**Supplied information**
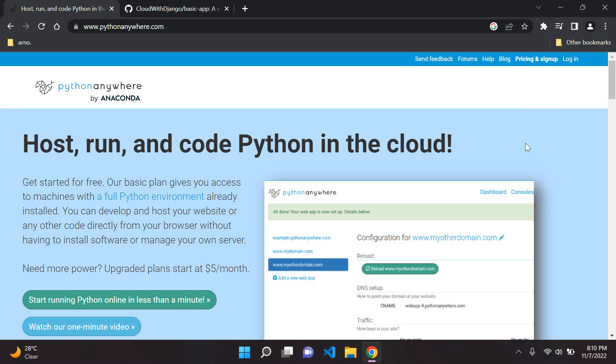Hi everyone, I hope you're all doing great. Welcome to my next video tutorial where I'll be teaching you how to deploy your Django web app to Python Anywhere.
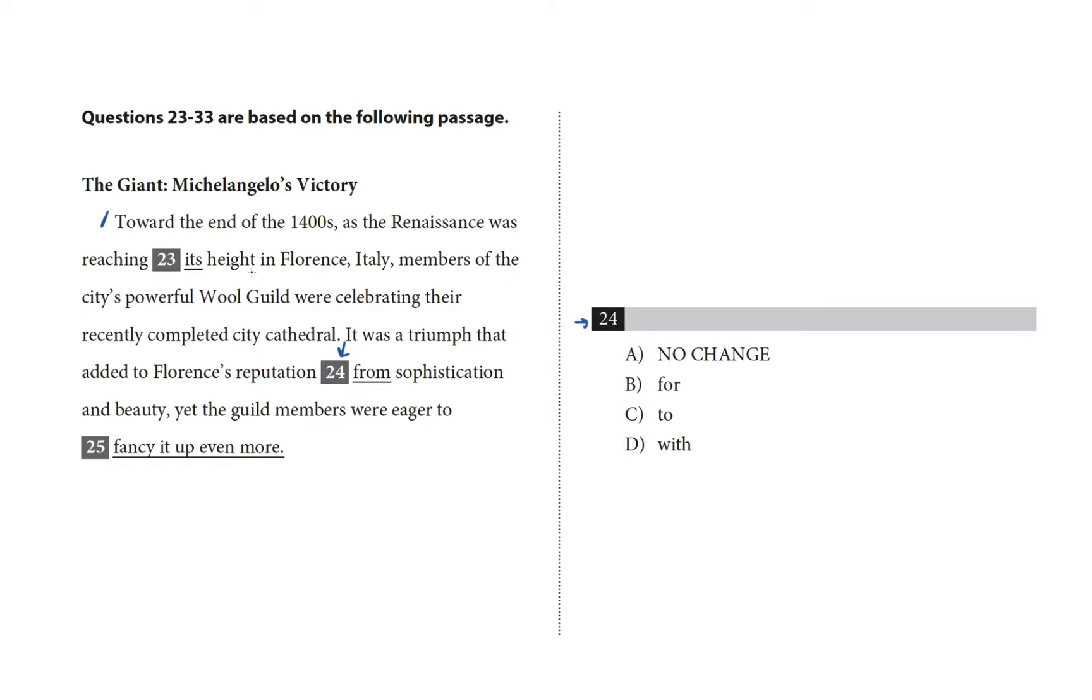Okay, so we have from underlined, and then that's the no change option. All the other choices are other prepositions, so choice A is no change, choice B is for, choice C is to, choice D is with, so it's asking which preposition fits into the sentence?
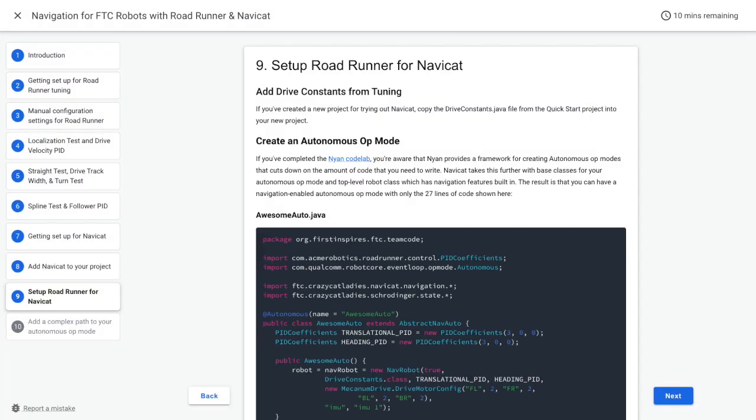Almost there! If you have created a project for trying out NaviCat, you're going to want to copy the driveconstants.java file from the quick start project into your new project. If you have completed our Nyan code lab, you will be aware that Nyan provides a framework for creating autonomous op modes that cut down on the amount of code that is needed.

**About this exercise**
Without copying any picture, repeat the full listing above word for word.

**Task result**
Hi everyone, I hope you're all doing great. Welcome to my next video tutorial where I'll be teaching you how to deploy your Django web app to Python Anywhere.
Okay, so we have from underlined, and then that's the no change option. All the other choices are other prepositions, so choice A is no change, choice B is for, choice C is to, choice D is with, so it's asking which preposition fits into the sentence?
Almost there! If you have created a project for trying out NaviCat, you're going to want to copy the driveconstants.java file from the quick start project into your new project. If you have completed our Nyan code lab, you will be aware that Nyan provides a framework for creating autonomous op modes that cut down on the amount of code that is needed.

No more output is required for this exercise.